Philip Reiner, executive director of the Institute for Security and Technology, said the reporting recommendations are one of several areas where federal agencies will likely need to dedicate more employees. For example, he said, expecting victims to clear ransomware payments with the Treasury Department first assumes the agency has the staff to respond in any kind of timeframe that might be useful for a victim undergoing a ransomware attack.

“That’s why we were so dead set in putting forward comprehensive framework,” Reiner said. “That way, Department of Homeland Security can do what they need to do, the State Department, Treasury gets involved, and it all needs to be synchronized for going after the bad guys with the same alacrity.”

Some have argued that making it illegal to pay a ransom is one way to decrease the number of victims who acquiesce to their tormentors’ demands. But the task force report says we’re nowhere near ready for that yet.

“Ransomware attackers require little risk or effort to launch attacks, so a prohibition on ransom payments would not necessarily lead them to move into other areas,” the report observes. “Rather, they would likely continue to mount attacks and test the resolve of both victim organizations and their regulatory authorities. To apply additional pressure, they would target organizations considered more essential to society, such as healthcare providers, local governments, and other custodians of critical infrastructure.”

“As such, any intent to prohibit payments must first consider how to build organizational cybersecurity maturity, and how to provide an appropriate backstop to enable organizations to weather the initial period of extreme testing,” the authors concluded in the report. “Ideally, such an approach would also be coordinated internationally to avoid giving ransomware attackers other avenues to pursue.”

The task force’s report comes as federal agencies have been under increased pressure to respond to a series of ransomware attacks that were mass-deployed as attackers began exploiting four zero-day vulnerabilities in Microsoft Exchange Server email products to install malicious backdoors.

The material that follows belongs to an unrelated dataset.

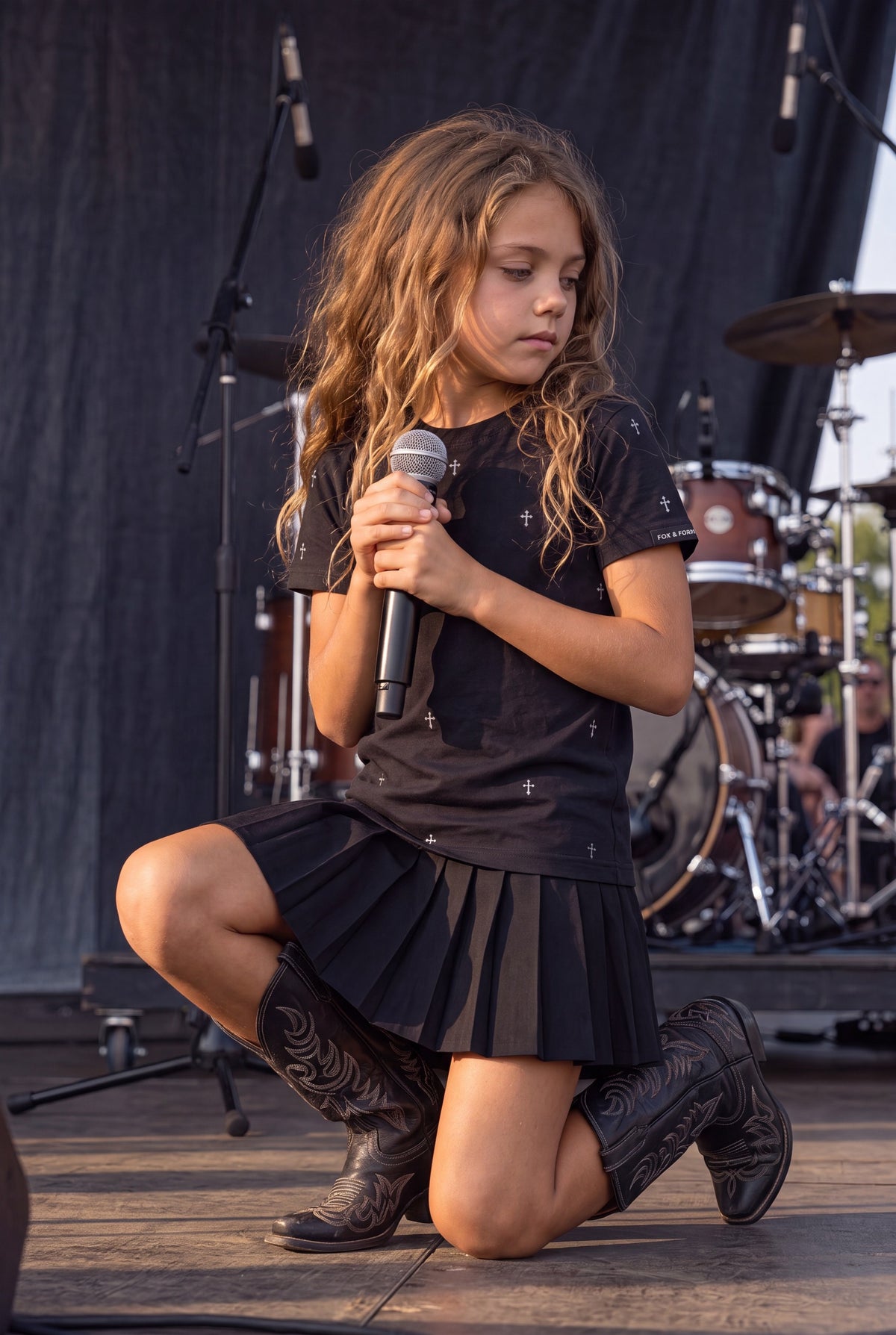 A young girl with long wavy light brown hair kneels on a stage holding a microphone. She is wearing a Fox and Form black classic fit ring spun short-sleeve t-shirt with hand-illustrated small cross details, a black pleated mini skirt, and black cowboy boots. Fox and Form. Mini & Youth Signature collection.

Earlier this month, the DOJ announced the FBI had conducted a first-of-its-kind operation to remove those backdoors from hundreds of Exchange servers at state and local government facilities.

Many of the recommendations in the Ransomware Task Force report are what you might expect, such as encouraging voluntary information sharing on ransomware attacks; launching public awareness campaigns on ransomware threats; exerting pressure on countries that operate as safe havens for ransomware operators; and incentivizing the adoption of security best practices through tax breaks.

A few of the more interesting recommendations (at least to me) included:

-Limit legal liability for ISPs that act in good faith trying to help clients secure their systems.

-Create a federal “cyber response and recovery fund” to help state and local governments or critical infrastructure companies respond to ransomware attacks.

-Require cryptocurrency exchanges to follow the same “know your customer” (KYC) and anti-money laundering rules as financial institutions, and aggressively targeting exchanges that do not.

-Have insurance companies measure and assert their aggregated ransomware losses and establish a common “war chest” subrogation fund “to evaluate and pursue strategies aimed at restitution, recovery, or civil asset seizures, on behalf of victims and in conjunction with law enforcement efforts.”

-Centralize expertise in cryptocurrency seizure, and scaling criminal seizure processes.

-Create a standard format for reporting ransomware incidents.

-Establish a ransomware incident response network.